A few years ago investors and financial journalists extolled the strategies of university endowment funds. Led by David Swensen, Yale University’s chief investment officer, top university endowments eschewed classic allocations of equities and fixed income and put huge chunks of their money into private equity, venture capital, hedge funds, real estate, and hard assets like timberland. Under Swensen’s guidance, Yale posted annual returns of 11.4% over the past two decades, more than quadrupling Yale’s endowment, to $30.3 billion as of June 30th.
But it turns out Swensen is as sui generis as Warren Buffett: Recent research shows that university endowments vastly underperform a plain-vanilla stock-bond portfolio. And, except for a tiny group of elite institutions, the larger the endowment, the worse it does.
That was the stunning finding of a paper by Poets&Quants’ Professor of the Week, Sandeep Dahiya of the McDonough School of Business at Georgetown University, along with David Yermack of New York University Stern School of Business. Their working paper, “Investment Returns and Distribution Policies of Non-Profit Endowment Funds,” was published in May by the European Corporate Governance Institute.
UNDERPERFORMING: RETURNS ON COLLEGE ENDOWMENTS
The study is the most comprehensive to date, covering “substantially all” of the $700 billion of endowment assets in the U.S.; colleges and universities account for more than half that total. Dahiya and Yermack tracked annual filings with the Internal Revenue Service for 29,762 organizations from 2009 to 2017.

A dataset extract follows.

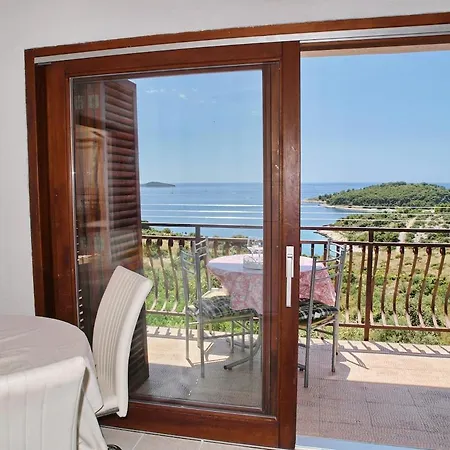 בית נופש Amazing View With Swimingpool House Panorama רוגוזניצה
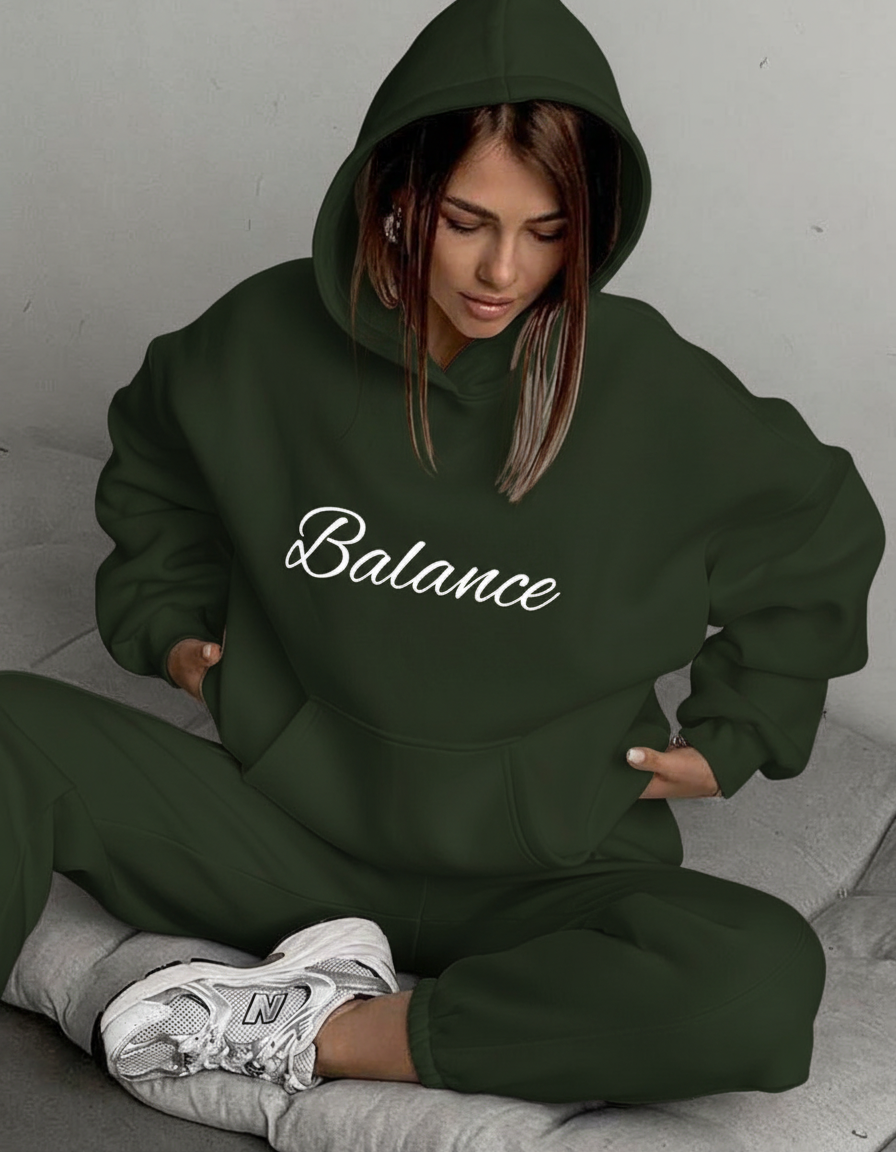 Balance Fleece Tracksuit with Oversized Hoodie and Loose Pants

Dahiya and Yermack found that during this period, the median annual investment return (including capital appreciation, dividends, and interest) of all endowments was 4.78%, underperforming a standard mix of 60% stocks and 40% Treasury bonds by a hefty 4.5 percentage points a year. For all their effort and expense, these endowments returned barely more than ten-year U.S. Treasury notes.
Higher education institutions underperformed the standard stock and bond mix by almost 1.5 percentage points a year. The 20 most highly ranked colleges and institutions (the Ivy League plus schools like MIT, Stanford, and Georgetown) did better, earning about as much as the 60/40 generic stock/bond allocation, but about what they’d make if university treasurers put the money into fixed-allocation mutual funds like target-date funds or old-fashioned balanced funds, or just by throwing darts.
‘HIGHLY RANKED SCHOOLS EARN ALMOST CLOSE TO ZERO ABNORMAL RETURNS’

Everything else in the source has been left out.